Katarina Taikon descrive così il giorno della propria nascita, il 29 luglio 1932. Il padre Johan faceva parte dei rom kalderash, emigrati dalla Russia intorno al 1900, che avevano dato vita ai primi clan di rom svedesi. La madre Agda Karlsson era invece una gağí, una non rom. I genitori si erano conosciuti nel 1924, quando Agda aveva ventun anni e Johan quarantasette, in un ristorante di Göteborg in cui lei faceva la cameriera e lui il violinista. Prima di Katarina ebbero tre figli: Paul, Rosa e Paulina, da tutti chiamata Lena.
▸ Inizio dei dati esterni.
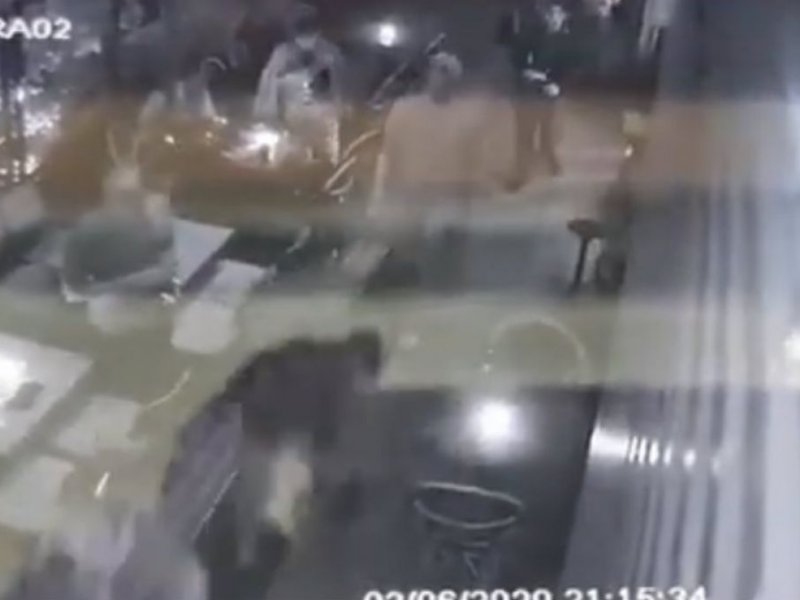 VIDEO από τα επεισόδια στο Κολωνάκι - Ο κόσμος έφευγε από τις καφετέριες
L’anno dopo la nascita di Katarina, Agda morì di tubercolosi. Per fortuna la prima moglie di Johan, Masha, viveva ancora con la famiglia: Mamì, come la chiamavano i bambini, si prese cura di loro finché Johan non incontrò un’altra donna. Quando nacque la loro prima figlia comune, Johan e Siv affidarono Katarina, che a quel punto aveva cinque anni, ai coniugi Kreuter, circensi e proprietari di un luna park. Lì la bambina visse per due anni in una casa, con una stanza tutta per sé, bei vestiti e cibo a volontà. Ma nell’estate del 1939 i Kreuter la consegnarono all’orfanotrofio di Umeå. Il motivo? Avrebbero voluto adottarla ufficialmente, ma all’ennesimo rifiuto del padre si arrabbiarono e abbandonarono la bambina al suo destino.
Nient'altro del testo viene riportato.